> _Assigned task_: In the entries that follow, the line with "Young Pretty Blond" opens the range and the line with "Klassisk blå jeansjacka" closes it; repeat that range exactly, both lines included.

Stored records
++++++++

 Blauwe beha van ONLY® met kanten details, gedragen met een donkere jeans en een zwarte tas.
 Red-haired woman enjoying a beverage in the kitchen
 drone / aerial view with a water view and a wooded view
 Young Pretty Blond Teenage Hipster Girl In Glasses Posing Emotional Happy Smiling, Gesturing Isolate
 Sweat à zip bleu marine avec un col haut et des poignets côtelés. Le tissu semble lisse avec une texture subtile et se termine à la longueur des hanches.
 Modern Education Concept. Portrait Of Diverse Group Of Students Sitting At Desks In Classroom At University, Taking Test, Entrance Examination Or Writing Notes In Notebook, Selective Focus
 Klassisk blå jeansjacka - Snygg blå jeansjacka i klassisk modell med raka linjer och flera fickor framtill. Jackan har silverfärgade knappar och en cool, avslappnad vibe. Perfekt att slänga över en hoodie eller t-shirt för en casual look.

++++++++

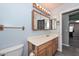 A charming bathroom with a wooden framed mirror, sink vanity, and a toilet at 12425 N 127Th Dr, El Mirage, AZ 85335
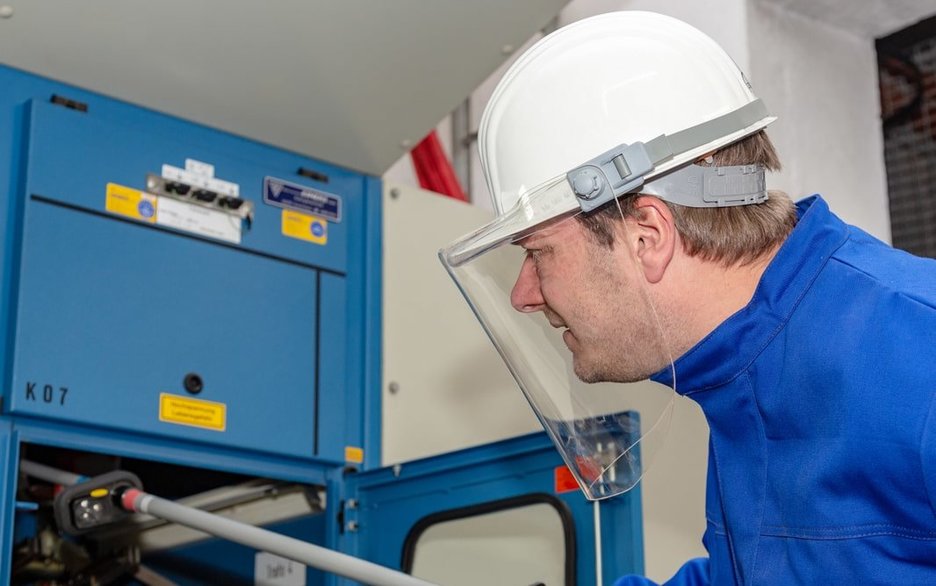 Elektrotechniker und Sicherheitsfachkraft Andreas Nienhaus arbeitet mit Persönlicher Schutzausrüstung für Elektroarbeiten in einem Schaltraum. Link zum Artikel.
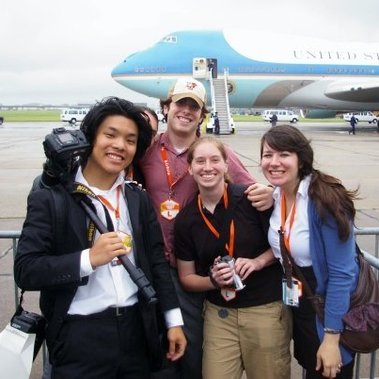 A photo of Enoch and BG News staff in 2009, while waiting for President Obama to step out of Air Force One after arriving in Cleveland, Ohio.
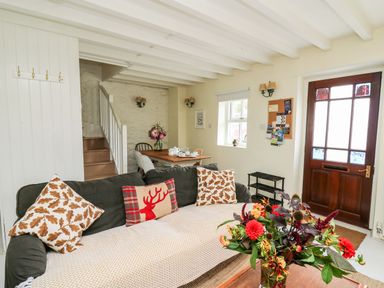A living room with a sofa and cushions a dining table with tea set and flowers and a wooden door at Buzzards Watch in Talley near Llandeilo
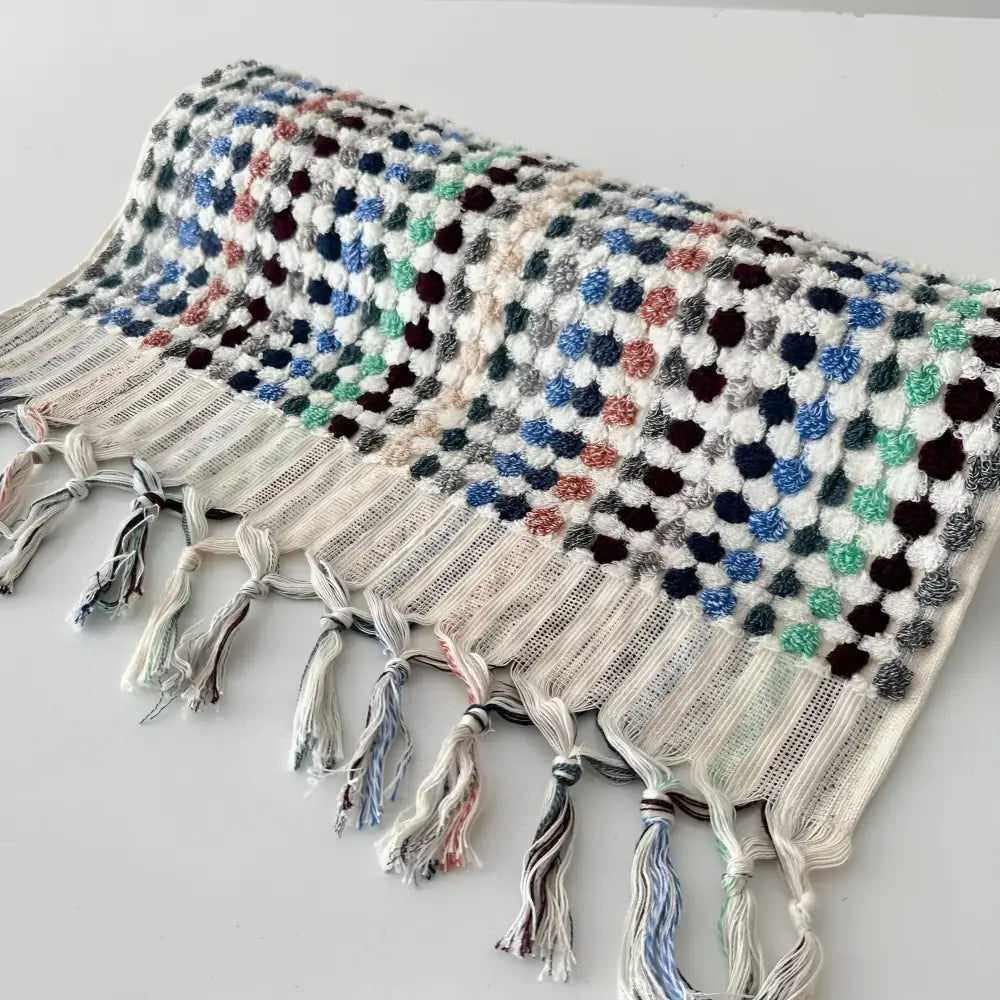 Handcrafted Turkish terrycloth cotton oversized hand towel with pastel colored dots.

++++++++

> _Answer to the problem_:
 Young Pretty Blond Teenage Hipster Girl In Glasses Posing Emotional Happy Smiling, Gesturing Isolate
 Sweat à zip bleu marine avec un col haut et des poignets côtelés. Le tissu semble lisse avec une texture subtile et se termine à la longueur des hanches.
 Modern Education Concept. Portrait Of Diverse Group Of Students Sitting At Desks In Classroom At University, Taking Test, Entrance Examination Or Writing Notes In Notebook, Selective Focus
 Klassisk blå jeansjacka - Snygg blå jeansjacka i klassisk modell med raka linjer och flera fickor framtill. Jackan har silverfärgade knappar och en cool, avslappnad vibe. Perfekt att slänga över en hoodie eller t-shirt för en casual look.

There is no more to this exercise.